● ACTION ITEM:
Copy the first line of the material below and every later line through the line containing "Ford Mustang - 43", without any other output.

═════ DATASET RECORDS

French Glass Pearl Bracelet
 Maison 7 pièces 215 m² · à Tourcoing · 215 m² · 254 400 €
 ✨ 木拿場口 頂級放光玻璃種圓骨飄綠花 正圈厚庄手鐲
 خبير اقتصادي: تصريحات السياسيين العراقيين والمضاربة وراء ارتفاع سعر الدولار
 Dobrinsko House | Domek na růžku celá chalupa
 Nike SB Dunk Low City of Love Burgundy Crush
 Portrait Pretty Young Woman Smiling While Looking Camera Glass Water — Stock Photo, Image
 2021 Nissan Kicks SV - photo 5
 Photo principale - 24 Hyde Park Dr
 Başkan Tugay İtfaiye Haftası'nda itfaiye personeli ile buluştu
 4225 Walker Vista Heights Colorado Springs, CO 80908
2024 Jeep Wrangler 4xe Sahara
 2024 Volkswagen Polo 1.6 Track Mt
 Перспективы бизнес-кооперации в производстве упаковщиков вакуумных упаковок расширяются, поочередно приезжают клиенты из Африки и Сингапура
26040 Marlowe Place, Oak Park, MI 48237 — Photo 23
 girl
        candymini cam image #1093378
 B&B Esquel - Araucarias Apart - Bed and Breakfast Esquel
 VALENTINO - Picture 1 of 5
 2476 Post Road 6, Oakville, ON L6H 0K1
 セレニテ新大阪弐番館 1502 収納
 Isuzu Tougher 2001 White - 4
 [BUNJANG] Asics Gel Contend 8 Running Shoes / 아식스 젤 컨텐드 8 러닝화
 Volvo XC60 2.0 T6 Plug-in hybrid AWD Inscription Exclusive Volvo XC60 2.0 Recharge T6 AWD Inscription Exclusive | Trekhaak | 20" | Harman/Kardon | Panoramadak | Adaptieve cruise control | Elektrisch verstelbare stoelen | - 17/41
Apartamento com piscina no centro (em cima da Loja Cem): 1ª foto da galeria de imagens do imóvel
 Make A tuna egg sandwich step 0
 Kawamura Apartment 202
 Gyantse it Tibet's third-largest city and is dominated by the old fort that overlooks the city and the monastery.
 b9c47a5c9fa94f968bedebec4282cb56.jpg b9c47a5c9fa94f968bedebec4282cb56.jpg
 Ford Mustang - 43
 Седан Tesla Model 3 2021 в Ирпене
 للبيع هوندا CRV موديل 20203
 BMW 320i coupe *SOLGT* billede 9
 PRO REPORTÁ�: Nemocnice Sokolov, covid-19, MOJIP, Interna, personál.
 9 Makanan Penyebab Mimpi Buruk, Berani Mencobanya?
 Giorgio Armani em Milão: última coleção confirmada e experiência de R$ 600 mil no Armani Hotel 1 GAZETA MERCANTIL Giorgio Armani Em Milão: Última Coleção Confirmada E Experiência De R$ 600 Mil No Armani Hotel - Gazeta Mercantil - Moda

══════════

● WRITTEN RESPONSE:
French Glass Pearl Bracelet
 Maison 7 pièces 215 m² · à Tourcoing · 215 m² · 254 400 €
 ✨ 木拿場口 頂級放光玻璃種圓骨飄綠花 正圈厚庄手鐲
 خبير اقتصادي: تصريحات السياسيين العراقيين والمضاربة وراء ارتفاع سعر الدولار
 Dobrinsko House | Domek na růžku celá chalupa
 Nike SB Dunk Low City of Love Burgundy Crush
 Portrait Pretty Young Woman Smiling While Looking Camera Glass Water — Stock Photo, Image
 2021 Nissan Kicks SV - photo 5
 Photo principale - 24 Hyde Park Dr
 Başkan Tugay İtfaiye Haftası'nda itfaiye personeli ile buluştu
 4225 Walker Vista Heights Colorado Springs, CO 80908
2024 Jeep Wrangler 4xe Sahara
 2024 Volkswagen Polo 1.6 Track Mt
 Перспективы бизнес-кооперации в производстве упаковщиков вакуумных упаковок расширяются, поочередно приезжают клиенты из Африки и Сингапура
26040 Marlowe Place, Oak Park, MI 48237 — Photo 23
 girl
        candymini cam image #1093378
 B&B Esquel - Araucarias Apart - Bed and Breakfast Esquel
 VALENTINO - Picture 1 of 5
 2476 Post Road 6, Oakville, ON L6H 0K1
 セレニテ新大阪弐番館 1502 収納
 Isuzu Tougher 2001 White - 4
 [BUNJANG] Asics Gel Contend 8 Running Shoes / 아식스 젤 컨텐드 8 러닝화
 Volvo XC60 2.0 T6 Plug-in hybrid AWD Inscription Exclusive Volvo XC60 2.0 Recharge T6 AWD Inscription Exclusive | Trekhaak | 20" | Harman/Kardon | Panoramadak | Adaptieve cruise control | Elektrisch verstelbare stoelen | - 17/41
Apartamento com piscina no centro (em cima da Loja Cem): 1ª foto da galeria de imagens do imóvel
 Make A tuna egg sandwich step 0
 Kawamura Apartment 202
 Gyantse it Tibet's third-largest city and is dominated by the old fort that overlooks the city and the monastery.
 b9c47a5c9fa94f968bedebec4282cb56.jpg b9c47a5c9fa94f968bedebec4282cb56.jpg
 Ford Mustang - 43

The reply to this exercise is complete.